Des robots humanoïdes qui pratiquent le kung fu devant des centaines de millions de téléspectateurs lors du Gala du Printemps chinois. Les mêmes machines, quelques jours plus tard, qui se produisent à l’ONU de New York pendant les festivités du Nouvel An lunaire. La Chine ne vend plus seulement des robots : elle les exporte comme image de marque.
Le Gala du Printemps comme vitrine technologique mondiale
Pour la deuxième année consécutive, les robots humanoïdes ont tenu une place de choix au Gala du Printemps chinois, l’émission la plus regardée au monde. Unitree Robotics, basée à Hangzhou, a notamment envoyé des formations entières de robots exécuter des mouvements d’arts martiaux complexes : poing de l’ivrogne, Thomas Flair. Des performances qui ont immédiatement circulé sur les réseaux sociaux occidentaux.
Les vidéos ont traversé les frontières. Selon China Daily, elles ont « balayé les réseaux sociaux occidentaux ». Le chancelier allemand Friedrich Merz s’est lui-même rendu chez Unitree le mois dernier pour observer les robots en action.
De Shanghai aux Nations Unies
Le spectacle ne s’est pas arrêté en Chine. Lors des célébrations du Nouvel An chinois à l’ONU de New York, un danseur de lion robotique, un panda-robot et trois humanoïdes se sont produits devant des diplomates du monde entier. Yuri Gala Lopez, représentante permanente adjointe de Cuba, a confié à China Daily être « très impressionnée par cette démonstration technologique ».

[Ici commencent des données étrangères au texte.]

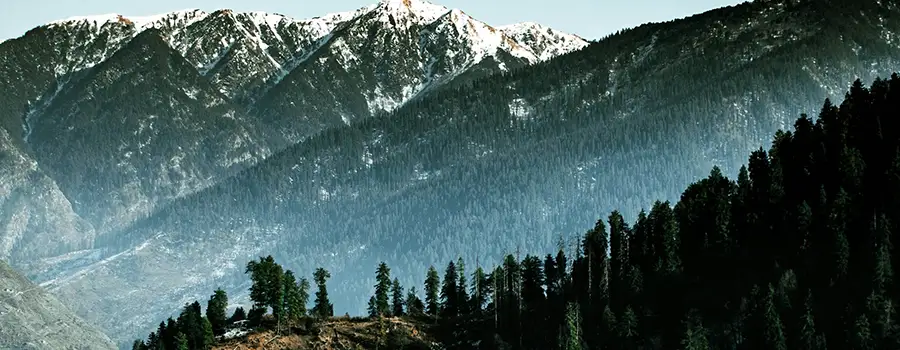 <?php echo Executive Luxury Himachal Circuit Tour With Personalized Services ?>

Dima Al-Khatib, directrice du Bureau des Nations Unies pour la coopération Sud-Sud, a indiqué vouloir explorer comment cette technologie pourrait être transférée aux pays du Sud global. Au Canada, les festivités ont aussi intégré des performances robotiques et des expériences de réalité augmentée autour du patrimoine culturel chinois.
« Le Printemps est traditionnel, mais je crois que la technologie fait désormais partie de la culture chinoise », résume Blur Wu, fondateur de la Toronto Spring Festival Fireworks Celebration.

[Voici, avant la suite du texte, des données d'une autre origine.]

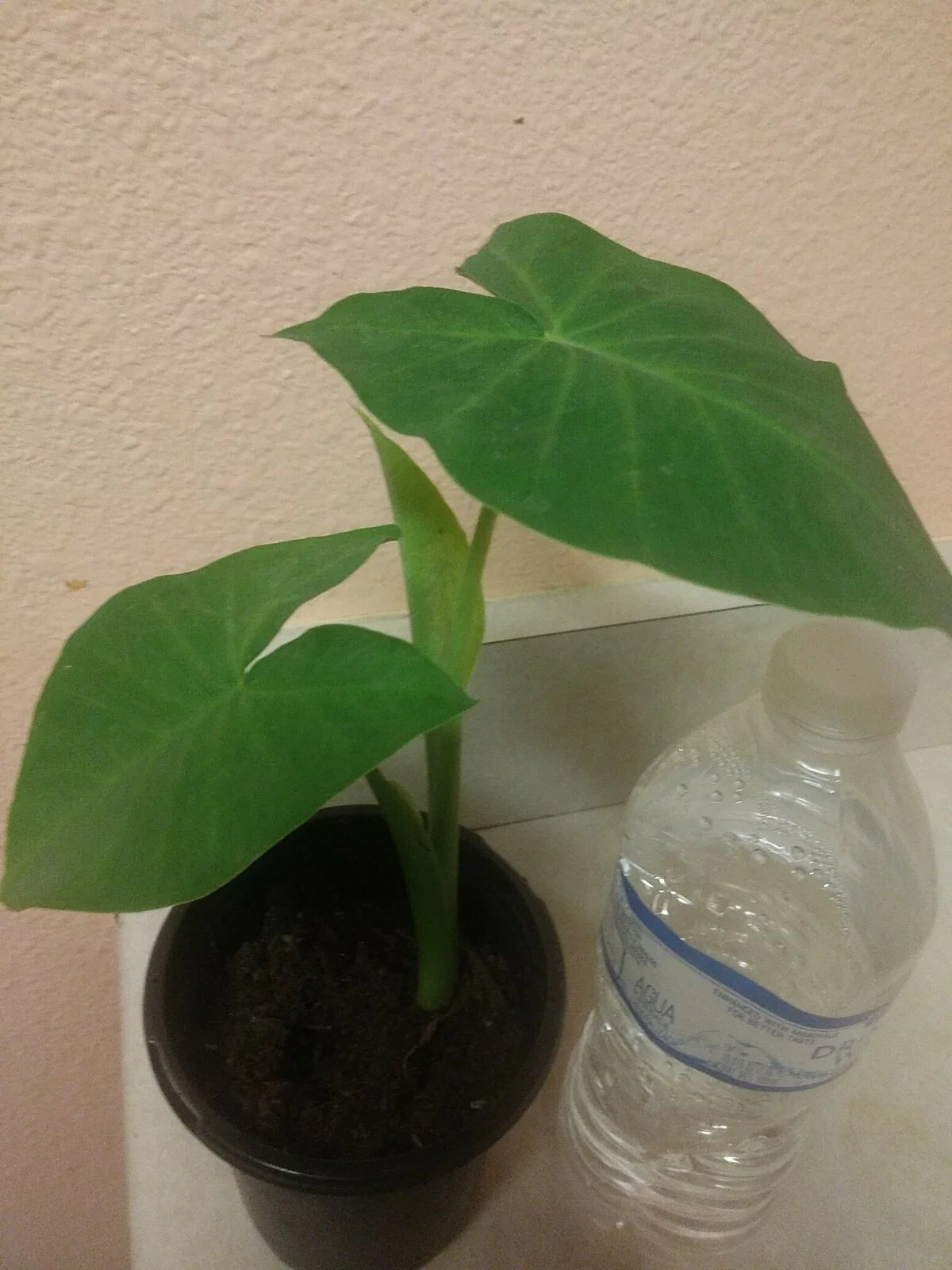 Giant Elephant Ear Live Plant in Pot - Alocasia macrorrhiza - Tropical Indoor Outdoor Foliage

Derrière les scènes, une industrie qui accumule les commandes
Ce n’est pas que de la mise en scène. Selon Unitree, les algorithmes de coordination de formations développés pour le gala peuvent directement être adaptés à la planification en temps réel dans un entrepôt. La capacité à percevoir et compenser des perturbations externes, démontrée pendant les performances avec bâton, est cruciale pour la sécurité en usine.
Les centres d’entraînement pour robots se multiplient dans les provinces chinoises. Dans le Shandong, le centre de formation Leju de Jinan propose 11 catégories de scénarios d’application, du transport en usine aux soins à domicile. Li Dezheng, directeur de Xingjie Innovation Robotics à Binzhou, voit ses commandes exploser depuis 2024 : 70% d’entreprises, 20% de collectivités, 10% d’établissements d’enseignement et de recherche.
Guo Jishun, directeur général de Gelanruo à Wuhan, prédit que les trois premiers secteurs à accueillir des humanoïdes en masse seront la fabrication intelligente, la logistique intelligente et la compagnie émotionnelle. Pas les scènes de gala.
80 % de la production mondiale
Les chiffres confirment la domination. Selon le cabinet Counterpoint Research, environ 16 000 robots humanoïdes ont été installés dans le monde en 2025. La Chine représente plus de 80 % de ce total. Et en 2025, plus de 300 modèles différents de robots humanoïdes sont sortis des usines chinoises, selon le ministère de l’Industrie.
La prochaine étape n’est plus le spectacle. C’est la facture.